Neue Schneefälle in Südbayern erwartet - Söder besucht Rettungskräfte

Die Schneefälle haben etwas nachgelassen, doch die Atempause ist nur von kurzer Dauer. In Südbayern droht am Wochenende wieder eine Verschärfung der Wetterlage.

München (dpa) - Bayerns Ministerpräsident Markus Söder (CSU) will sich am Samstag ein Bild von der Lage in den vom Schneechaos betroffenen Gebieten machen. Er nimmt am Vormittag an einer Besprechung der Einsatzkräfte in Bad Tölz teil, um sich über die Arbeit der Hilfsorganisationen zu informieren. Die Helfer im südlichen Oberbayern rechnen mit neuen heftigen Schneefällen ab Samstagabend. Der Katastrophenfall gilt bereits in fünf Landkreisen.

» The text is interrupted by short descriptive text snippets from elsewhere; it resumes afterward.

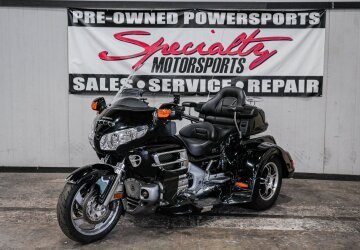 2008 Honda Gold Wing Premium Audio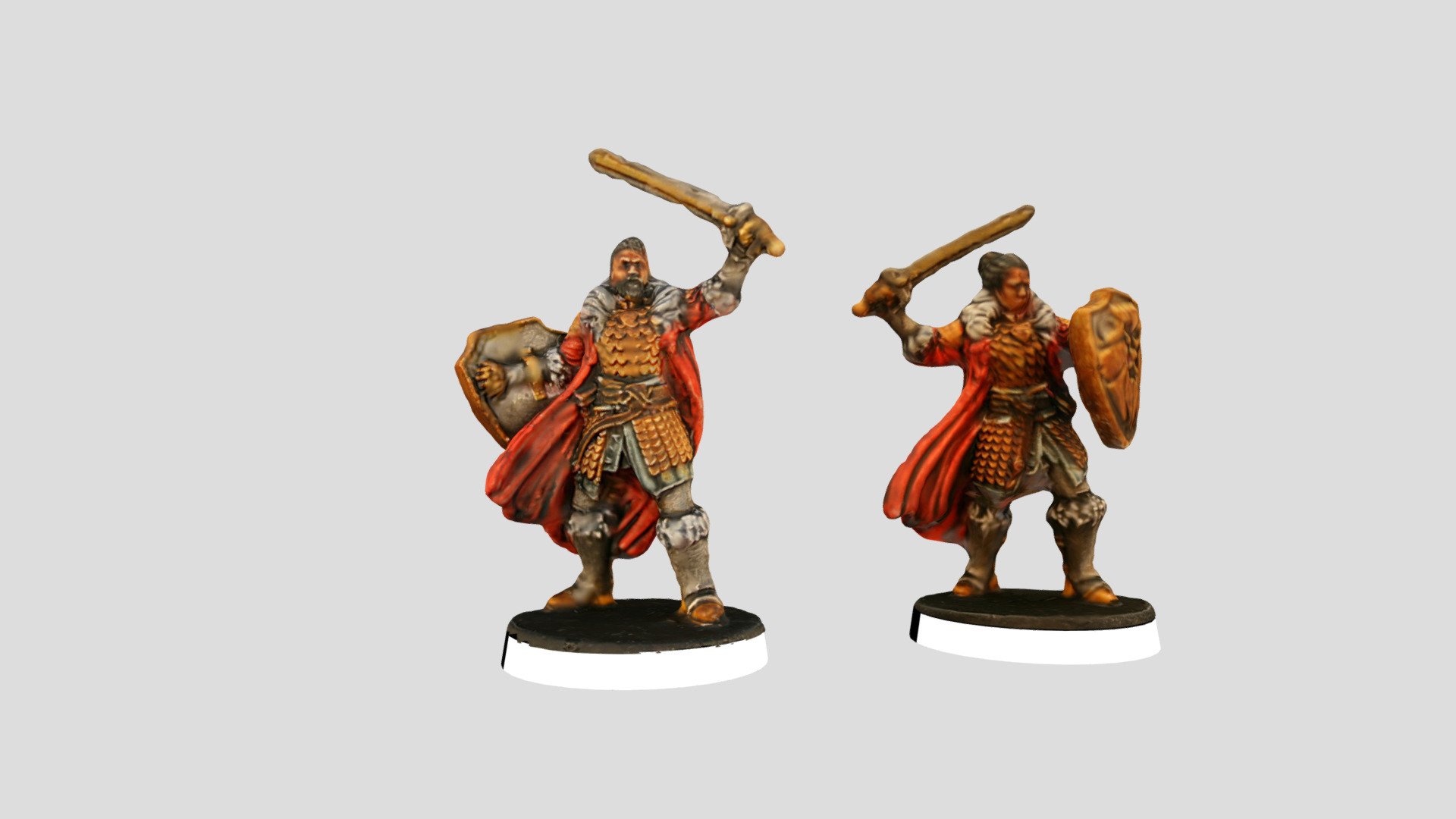 This model has been created to be used in Tabletop Simulator.

The photography &amp;photogrammetry has been done by myself.
The painting has been done by Pinnacle Painting Studio on Facebook
Miniature is by Hasbro and is from HeroQuest 3d model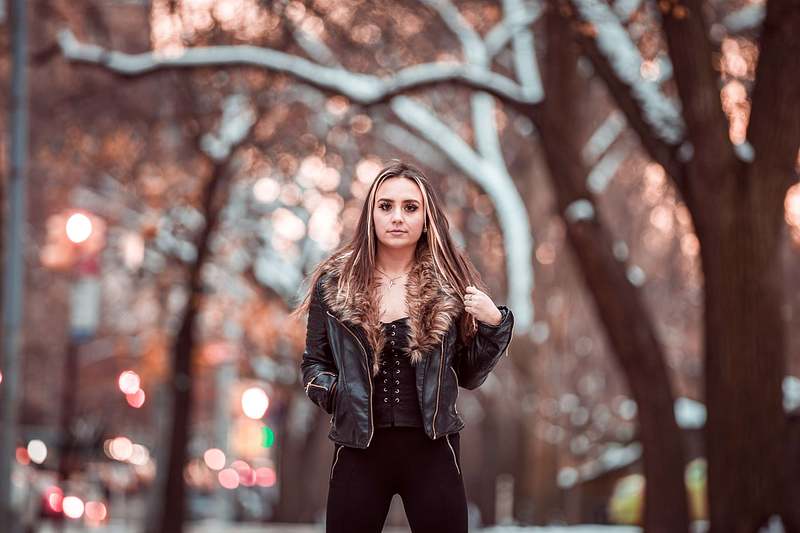 Madison Avenue NYC | New York City New York Winter Portrait Session | Monica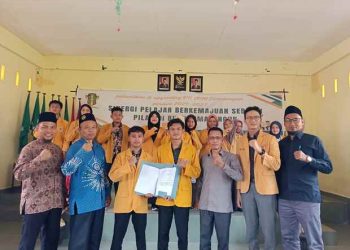 Ikatan Pelajar Muhammadiyah Simalungun Periode 2025-2027 Dilantik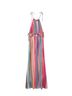 MNG 100% Polyester Stripes Multi Color Cocktail Dress Size XS - photo 1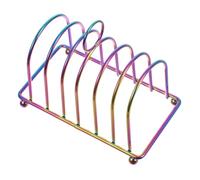 SOLUSTRE Soporte para Tostadas de Acero Inoxidable, Estante Multifuncional para Cocina y Comedor, Fácil de Limpiar y Ahorra Espacio, Diseño Moderno y Elegante
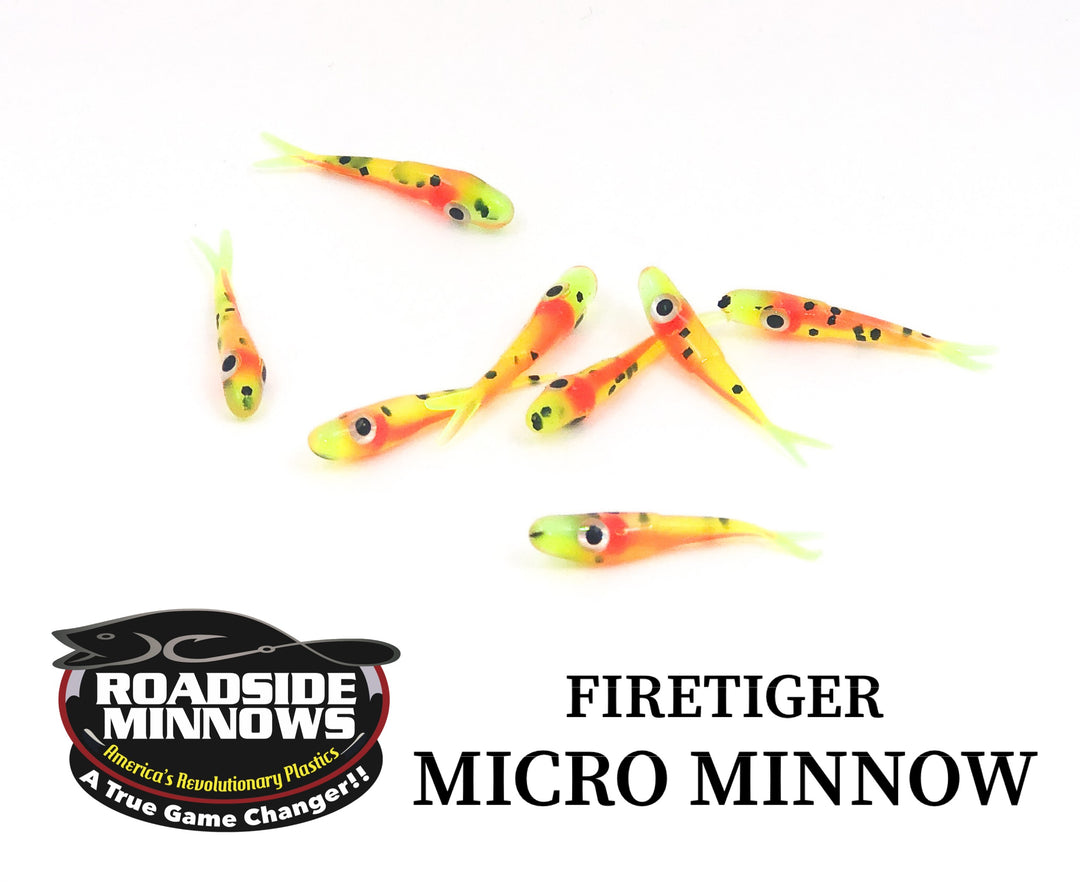 Micro Minnow - Roadside Minnows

Von Samstagabend bis Montagabend soll es auch in den sächsischen Mittelgebirgen schneien, vor allem aber wieder im Alpenraum und im Bayerischen Wald - und in niedrigeren Lagen regnen. Dies könnte die Lage dramatisch verschärfen und den Schnee auf einsturzgefährdeten Dächern noch schwerer machen.

Die Bundeswehr hat 350 Soldaten in die tief verschneiten Regionen geschickt. Sie befreien Dächer von den schweren Schneemassen, versorgen Bewohner in schwer zugänglichen Orten und transportieren Helfer mit gepanzerten Kettenfahrzeugen. Rund 300 weitere Soldaten wurden in erhöhte Bereitschaft versetzt.

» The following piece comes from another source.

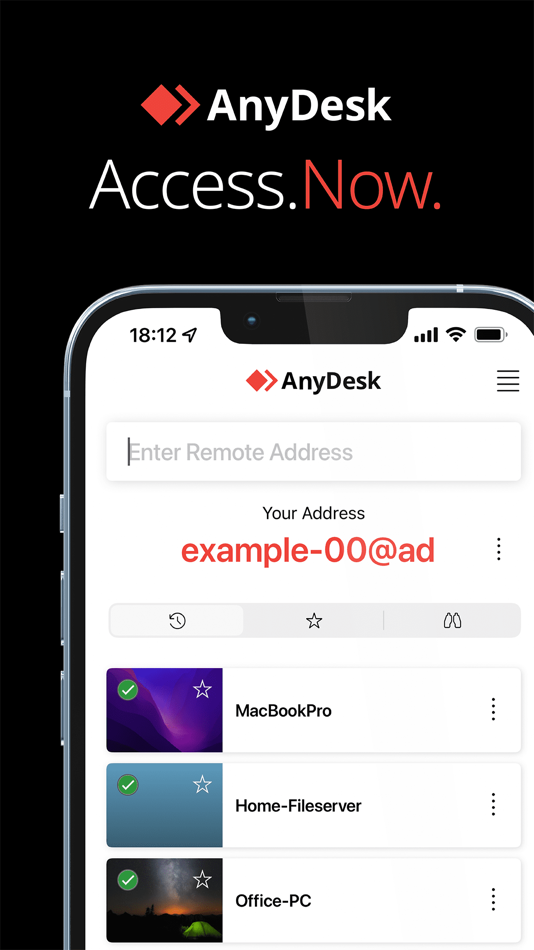 #1. AnyDesk Remote Desktop (iOS) 来自: AnyDesk Software GmbH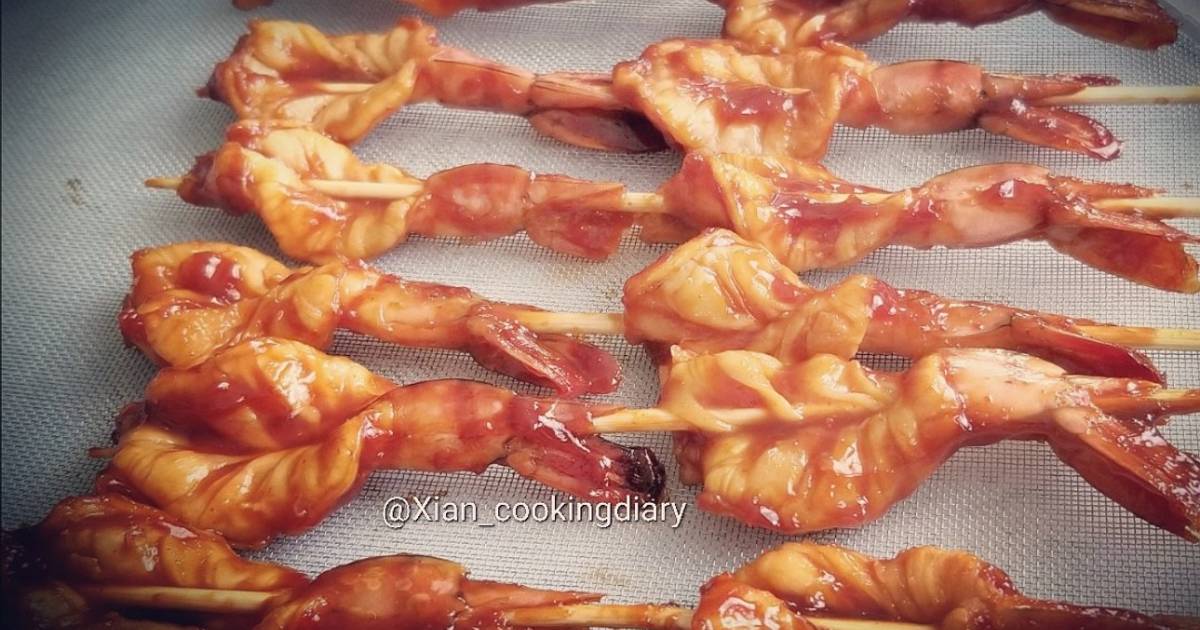 5 resep udang bakar mang engking enak dan sederhana - Cookpad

Auch das Bayerische Rote Kreuz (BRK) hat viele Helfer vor Ort. «Trotz tagelangen Einsatzes von Einheiten aus dem Ehren- und Hauptamt erleben wir hoch motivierte Kräfte», betonte ein BRK-Sprecher am Freitagabend. Die Zusammenarbeit mit Bundeswehr und Feuerwehr verlaufe reibungslos. In den vergangenen Tagen seien mehrere Menschen in den betroffenen Regionen beim Räumen ihrer Dächer abgerutscht und gestürzt. Sorge bereitet den Rettungskräften auch die Lawinengefahr.

An den Flughäfen München und Frankfurt wurden am Freitag jeweils rund hundert Flüge gestrichen. Wegen verschneiter Gleise ist der regionale Bahnverkehr in Teilen von Oberbayern, Schwaben und Niederbayern weiter eingestellt. Nach Angaben eines Bahnsprechers fallen auch in den kommenden Tagen zahlreiche Züge aus.

In Bulgarien starben am Freitag zwei Snowboardfahrer unter einer Lawine, die sie selbst ausgelöst hatten. In Österreich holte das Bundesheer eine große Schülergruppe aus dem Ruhrgebiet mit zwei Hubschraubern von einer Alm.